(Short text fragments from websites)
------------------------------
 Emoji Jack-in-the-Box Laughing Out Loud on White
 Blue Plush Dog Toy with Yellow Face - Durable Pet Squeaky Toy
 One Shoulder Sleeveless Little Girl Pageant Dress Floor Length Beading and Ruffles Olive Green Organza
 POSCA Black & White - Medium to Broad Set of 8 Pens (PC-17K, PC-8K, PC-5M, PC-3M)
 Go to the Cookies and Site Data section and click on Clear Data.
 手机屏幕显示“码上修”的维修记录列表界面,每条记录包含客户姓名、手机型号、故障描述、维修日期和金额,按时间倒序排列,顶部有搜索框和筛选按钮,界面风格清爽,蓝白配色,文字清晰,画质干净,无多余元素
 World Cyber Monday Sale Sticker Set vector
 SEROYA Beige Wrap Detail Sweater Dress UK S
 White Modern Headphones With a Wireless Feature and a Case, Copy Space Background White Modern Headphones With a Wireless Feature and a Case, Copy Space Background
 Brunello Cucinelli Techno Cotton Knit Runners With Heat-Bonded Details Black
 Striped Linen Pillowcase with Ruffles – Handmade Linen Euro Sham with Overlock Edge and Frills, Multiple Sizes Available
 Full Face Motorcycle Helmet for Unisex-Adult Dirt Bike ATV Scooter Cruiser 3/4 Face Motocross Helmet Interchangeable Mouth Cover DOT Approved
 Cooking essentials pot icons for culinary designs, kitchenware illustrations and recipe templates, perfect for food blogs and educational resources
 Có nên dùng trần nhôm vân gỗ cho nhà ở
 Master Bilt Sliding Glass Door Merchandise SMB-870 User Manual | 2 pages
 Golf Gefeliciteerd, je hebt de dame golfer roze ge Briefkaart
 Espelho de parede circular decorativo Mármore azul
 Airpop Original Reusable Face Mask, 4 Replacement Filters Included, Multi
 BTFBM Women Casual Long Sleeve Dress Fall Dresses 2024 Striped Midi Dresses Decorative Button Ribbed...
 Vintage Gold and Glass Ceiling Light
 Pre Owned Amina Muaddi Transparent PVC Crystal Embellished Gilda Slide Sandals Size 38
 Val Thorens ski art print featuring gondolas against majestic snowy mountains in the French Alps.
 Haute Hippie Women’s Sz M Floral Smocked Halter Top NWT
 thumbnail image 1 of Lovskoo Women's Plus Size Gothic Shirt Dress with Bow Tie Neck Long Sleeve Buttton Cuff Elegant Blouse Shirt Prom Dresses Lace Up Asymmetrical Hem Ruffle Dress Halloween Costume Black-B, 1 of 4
------------------------------
> Your task: From the entries above, collect every line with the string "Ruffles" in it.

> Result of this task:
 One Shoulder Sleeveless Little Girl Pageant Dress Floor Length Beading and Ruffles Olive Green Organza
 Striped Linen Pillowcase with Ruffles – Handmade Linen Euro Sham with Overlock Edge and Frills, Multiple Sizes Available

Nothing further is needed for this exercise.